Apple just completed the finishing touches of its 10th anniversary iPhone, and it's currently testing the overhauled handset. Ten years after Steve Jobs held up the original iPhone to an adoring San Francisco crowd, the tech giant is now readying for the release of its most extensive iPhone lineup. One of which is the revamped version of an all-screen front, curved glass and stainless steel frame of the much-anticipated iPhone.
To give you a better visual on the upcoming anniversary Apple handset, imagine a nearly bezel-free slab of glass and stainless frame of steel or possibly aluminum. There will be no home button, and a stunning OLED display will be the central feature. If the new design sounds familiar to you, it's probably because you've already heard and seen the same style on Samsung's Galaxy S8.
According to Gizmodo, Apple's anniversary iPhone will give you a sense of deja vu, as the handset has the exact same series of redesigns as Samsung's Galaxy S8. Despite Apple's popular reputation as the big smartphone innovator, there is no doubt that is chasing Samsung this year. However, the tech company might still have a few tricks up its sleeve to surprise consumers.

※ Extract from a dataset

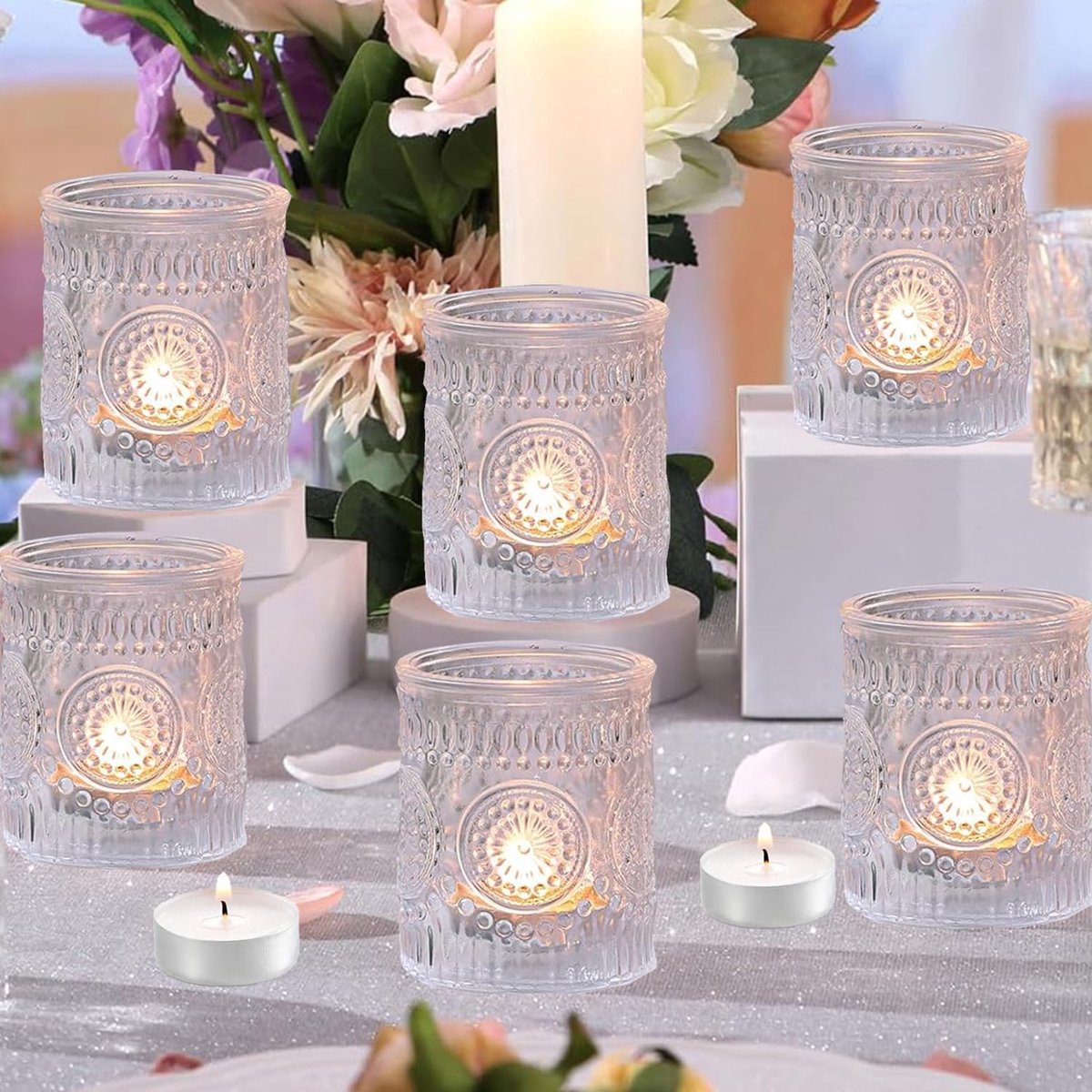 Votive Kaarsenhouders, 12 stuks glazen theelichtkaarsenhouders voor bruiloft, feest, woondecoratie (12, helder)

One of those ace cards could be the groundbreaking software-based thumbprint recognition and the much-talked about multiple cameras on the front and back for augmented reality purposes. According to the Bloomberg, the company has been rumored to be working on augmented reality technology for a while now. So it's not such a far-fetched idea to expect any AR capabilities built into the iPhone to give you a unique platform.
Apple’s iPhone is the most important product of the company, representing about two-thirds of sales. It leads other Apple devices such as the iPad and Apple Watch and is the basis for other lucrative services like the App Store. Last year, Apple endured a rare sales slide on its iPhones, thus it's working hard to be able to compete with the market's leading smartphone brand and also as a way to commemorate its 10th year in the highly-competitive industry.